Gemeente Utrecht


2011 SCHRIFTELIJKE VRAGEN
120 Vragen van de heer Dr. D.E. Ikkersheim

(ingekomen 4 oktober 2011)

De Gemeenteraad heeft dinsdagavond 30 augustus jl. het agendapunt 'Kinderclusters Overvecht' besproken in de commissie Mens en Samenleving. De VVD verbaasde zich over de inhoud van de bijgevoegde stukken: als dit de tussentijdse informatie is die de Raad is afgesproken, dan vindt de VVD dit onvoldoende. Zo is er geen informatie over de houdbaarheid van het onderwijskundig concept (eis van A11/2011), geen duidelijkheid over het programma van eisen en ook geen motivatie waarom en wat hogere dan standaard kwaliteitsniveau (de zogenaamde 'Utrechtse variant') rechtvaardigt.

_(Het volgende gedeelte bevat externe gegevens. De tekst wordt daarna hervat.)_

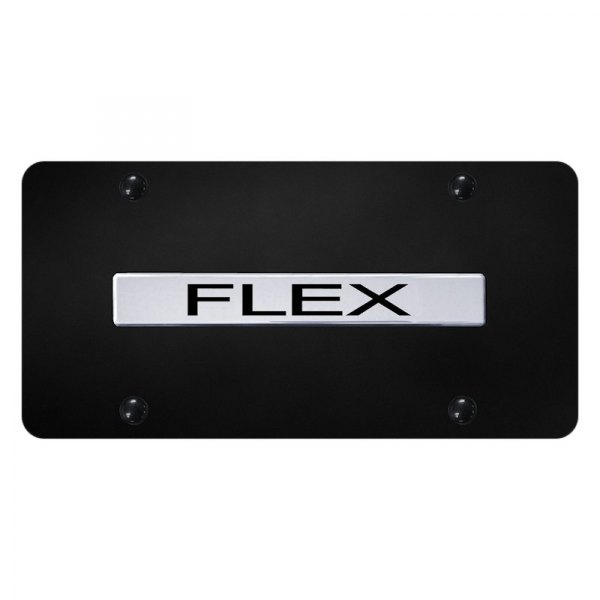 Autogold® - License Plate with 3D Flex Logo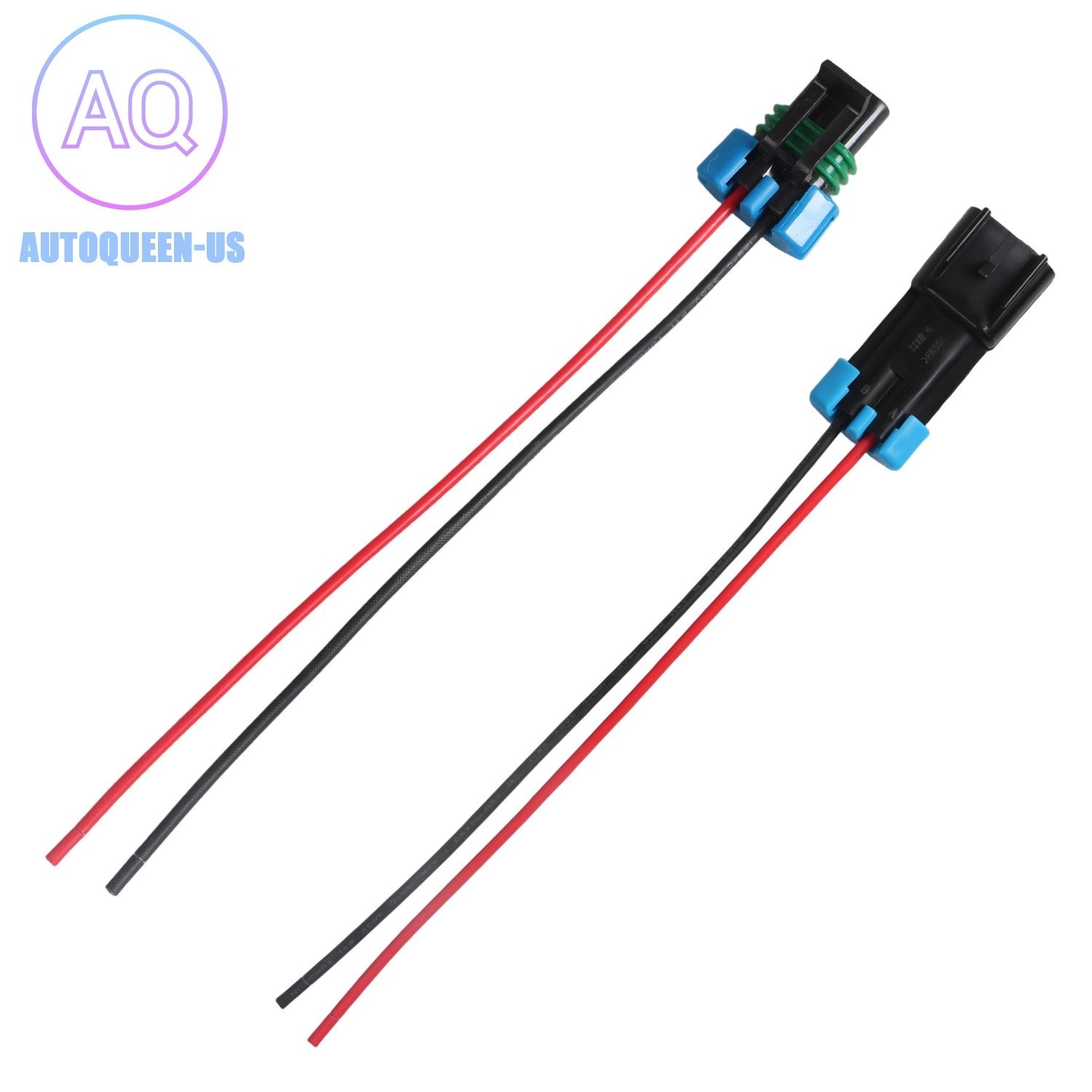 1 Set 2-Pin Male & Female Connector Multi-Purpose Pigtail Harness 14 AWG 7.8″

Zeker gelet op de slechte ervaringen rondom het Gerrit Rietveld College is deze situatie naar mening van de VVD zeer onwenselijk. Naar aanleiding van deze bespreking en de bijbehorende stukken heeft de VVD vooruitlopend op het raadsvoorstel van de Wethouder daarom de volgende vragen:

1. In de business case wordt gesproken over het eventueel in eeuwigdurende erfpacht geven van de grond van de panden aan de corporaties. Om een berekening te maken van een reële prijs is de VVD van mening dat er een onafhankelijke taxatie van de waarde van deze gronden noodzakelijk is. Kan de wethouder een taxatie opnemen in de business case in het door u op te stellen raadsvoorstel?
2. In de business case ontbreekt een zogenaamde 'netto contante waarde' berekening bij de verschillende varianten. De bijdrage van de corporatie is een bepaald bedrag, echter de (rest)waarde van het pand en de grond is onduidelijk, net zoals bij de casus Gerrit Rietveld College. Hiermee zijn de uiteindelijke kosten voor de Gemeente onduidelijk. De VVD is van mening dat dit essentieel is om een goede afweging te maken tussen de verschillende varianten. Kan deze berekening voor de 6 varianten worden opgenomen in het door u op te stellen raadsvoorstel?
3. Wij constateren met zorg, dat er geen programma van eisen van het gebouw is, terwijl dit wel vereist is conform het amendement A11/2011 en los daarvan ook essentieel voor het maken van een goed besluit. Zo ontbreekt in het voorstel: welke gebruikers er zullen zijn, het aantal m2, het beoogde kwaliteitsniveau, etc. Kan de wethouder dit nog toevoegen aan het voorstel? En kan de wethouder toezeggen dat dit bij volgende soortgelijke projecten wel standaard is opgenomen?
4. De VVD constateert dat er geen motivatie en geen financiële onderbouwing is voor het waarom voor de keuze van een hoger dan minimum kwaliteitsniveau (de zgn. Utrechtse variant), kan de wethouder die geven? Verder staat er geen onderwijsconcept vermeld, waardoor de duurzaamheid van het plan niet te beoordelen is, kan de wethouder die eveneens geven?
5. Op pagina 5 in de laatste zin van de vertrouwelijke bijlage staat: "Een voor de hand liggend alternatief hierin lijkt bij voorbaat onwenselijk ..."Kan de wethouder aangeven waarom het geschetste alternatief bij voorbaat onwenselijk is (eventueel in een vertrouwelijke brief aan de raad)?
6. In de stukken wordt niet gesproken over mogelijke risico's in het project. Zijn die er volgens die wethouder niet? Zo nee, kan de wethouder die dan toevoegen aan het raadsvoorstel?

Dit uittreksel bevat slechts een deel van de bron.